The JET IP also delineates potentially available funding sources, indicating local financial institutions committed to just over half (R778bn or 52.7%) of the plan’s total investment requirement (R500 billion or 64.3%), while domestic development finance institutions (DFIs) and the New Development Bank committed to R150 billion (19.3%) and the IPG under the JET IP R128 billion (16.5%).

Fourie says this suggests a remaining funding gap of R700 billion that needs to be affordably secured to enable the implementation of the country’s JET IP, of which 21.3% is sought for the electricity sector, 19.3% for green hydrogen and 6.8% for restructuring of the automotive sector.

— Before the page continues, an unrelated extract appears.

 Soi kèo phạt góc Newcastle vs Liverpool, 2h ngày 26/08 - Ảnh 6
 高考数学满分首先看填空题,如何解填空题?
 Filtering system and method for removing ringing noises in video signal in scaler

“South Africa’s government debt is at unsustainable levels, increasing over sevenfold since the 2007/08 fiscal year (FY) to a staggering R4.27 trillion in 2021/22, with debt servicing costs rising sharply and likely to average R355.2 billion per year to 2025/26, which is set to increase when government takes over a significant portion of Eskom’s debt burden of around R400 billion.”

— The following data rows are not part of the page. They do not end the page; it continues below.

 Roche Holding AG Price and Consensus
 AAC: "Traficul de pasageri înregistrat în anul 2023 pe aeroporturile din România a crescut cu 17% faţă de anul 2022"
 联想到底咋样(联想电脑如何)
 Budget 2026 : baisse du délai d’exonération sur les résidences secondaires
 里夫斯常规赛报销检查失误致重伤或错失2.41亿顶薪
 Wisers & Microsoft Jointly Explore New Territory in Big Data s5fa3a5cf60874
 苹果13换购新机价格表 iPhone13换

Fourie says considering this, any additional loans on commercial or concessional terms will aggravate South Africa’s public debt burden and crowd-out productive spending even further and, therefore, the JET IP places a large emphasis on the need for grants, “non-debt instruments” and other low-cost funding to be scaled up significantly if advanced economies are to honour their commitments to support the developing world to mitigate against the worst impacts of global climate change.

Advanced economies are yet to honour their financial pledges made at COP15 in 2009, to mobilise $100 billion annually to developing economies, while the grant component of the JET IP pledge represents a mere 3.9% of the total financing commitment by the IPG.

ALSO READ: World Bank president visits Komati after approving R9bn loan for renewables project

Sufficiently detailed and well formulated plan

“We think the JET IP is sufficiently detailed and well formulated in South Africa’s socio-economic, sectoral diversification, developmental and environmental interests. It also promotes the implementation of the underlying elements of the president’s Energy Action Plan to help resolve South Africa’s electricity crisis.”

Many of these elements are already underway, such as accelerating the procurement of IPPs, encouraging private sector investment in generation capacity, restructuring the electricity sector and relaxing preferential procurement requirements for Eskom, which will enable the utility to improve the maintenance and performance of its existing fleet of power stations.

“South Africa is also walking its talk by decommissioning, repurposing and repowering the 1 GW coal-fired Komati Power Station into a renewable energy and battery energy storage plant, along with a microgrid factory and community training facility. The World Bank approved $497 million through a concessional loan last week, to support the Komati transition project.”

Fourie says it will be difficult to achieve the magnitude of the investments required and financing their terms over the next five years.

“Ultimately, the proof is in the pudding and the JET IP should be quickly followed by a detailed implementation plan that transparently holds bureaucrats and politicians accountable for its timely execution.”